**Problem**
Please print every record below exactly as written, leaving out the pictures.
##### Given data #####
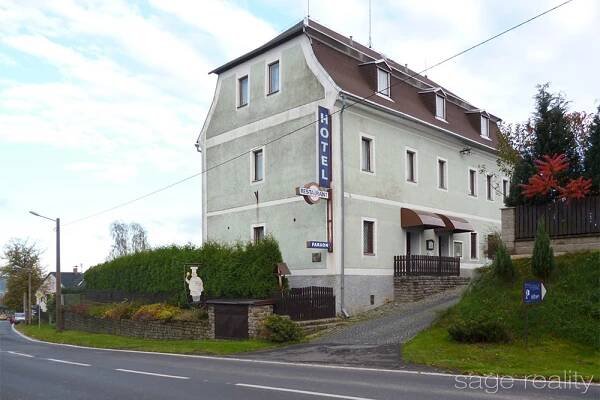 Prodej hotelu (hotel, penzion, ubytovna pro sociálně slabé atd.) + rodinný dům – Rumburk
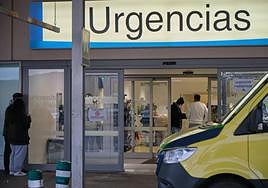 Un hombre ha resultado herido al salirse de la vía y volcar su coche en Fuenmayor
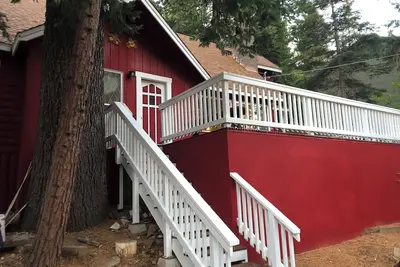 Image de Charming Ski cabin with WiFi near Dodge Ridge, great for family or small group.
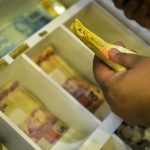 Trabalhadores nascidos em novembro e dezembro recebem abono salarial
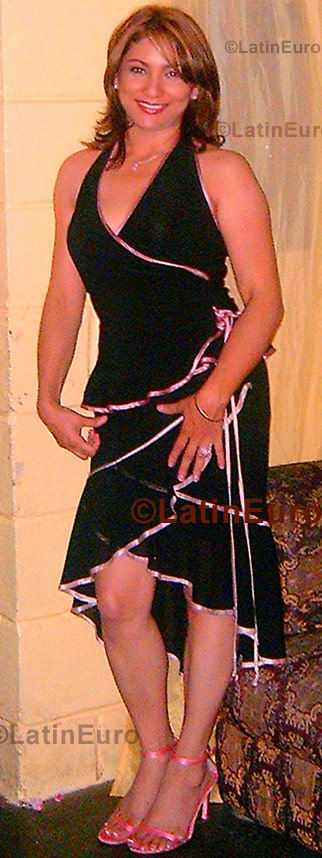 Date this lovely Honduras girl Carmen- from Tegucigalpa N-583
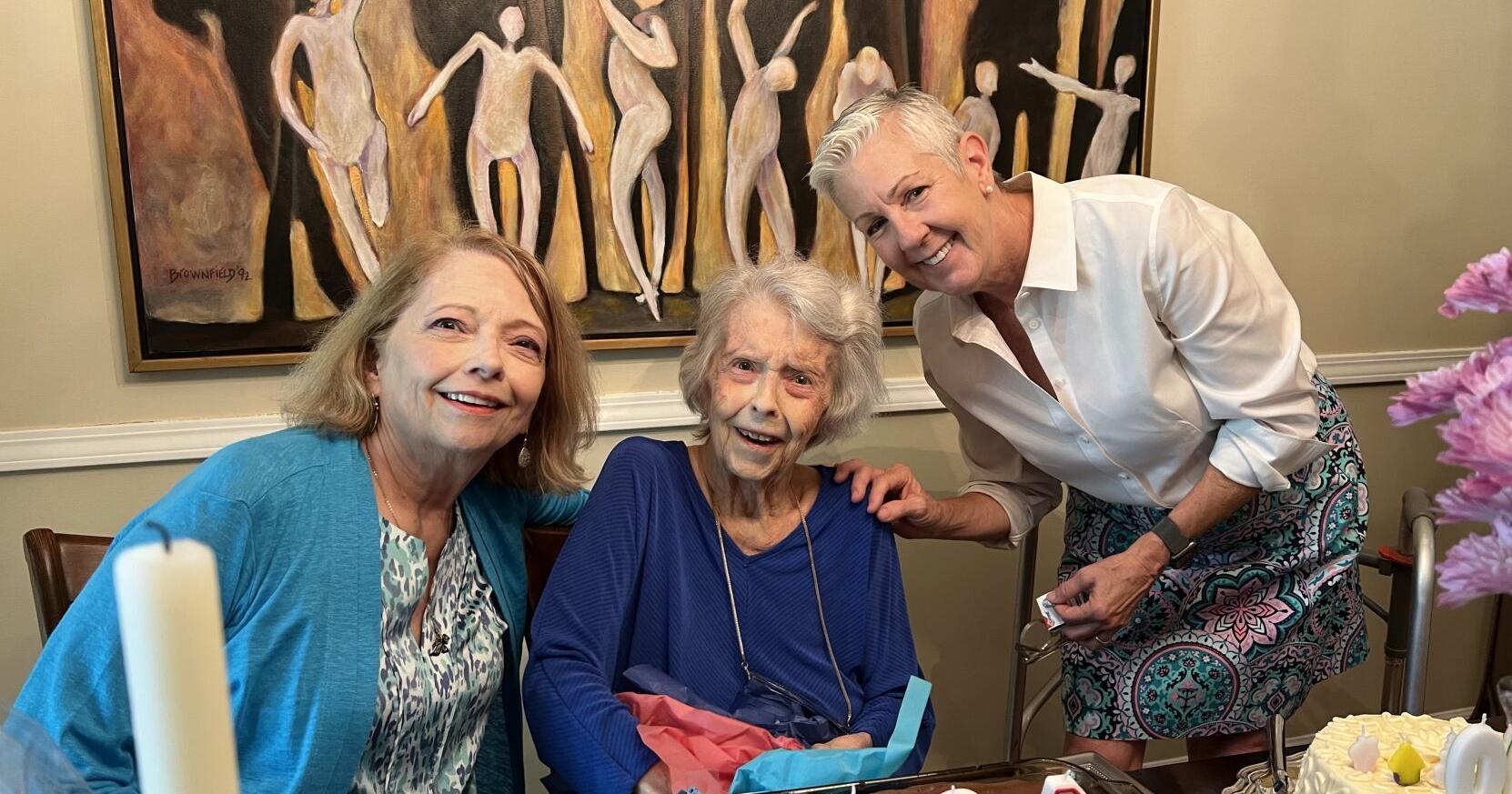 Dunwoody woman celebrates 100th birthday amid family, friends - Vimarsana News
#####
**Task output**
 Prodej hotelu (hotel, penzion, ubytovna pro sociálně slabé atd.) + rodinný dům – Rumburk
 Un hombre ha resultado herido al salirse de la vía y volcar su coche en Fuenmayor
 Image de Charming Ski cabin with WiFi near Dodge Ridge, great for family or small group.
 Trabalhadores nascidos em novembro e dezembro recebem abono salarial
 Date this lovely Honduras girl Carmen- from Tegucigalpa N-583
 Dunwoody woman celebrates 100th birthday amid family, friends - Vimarsana News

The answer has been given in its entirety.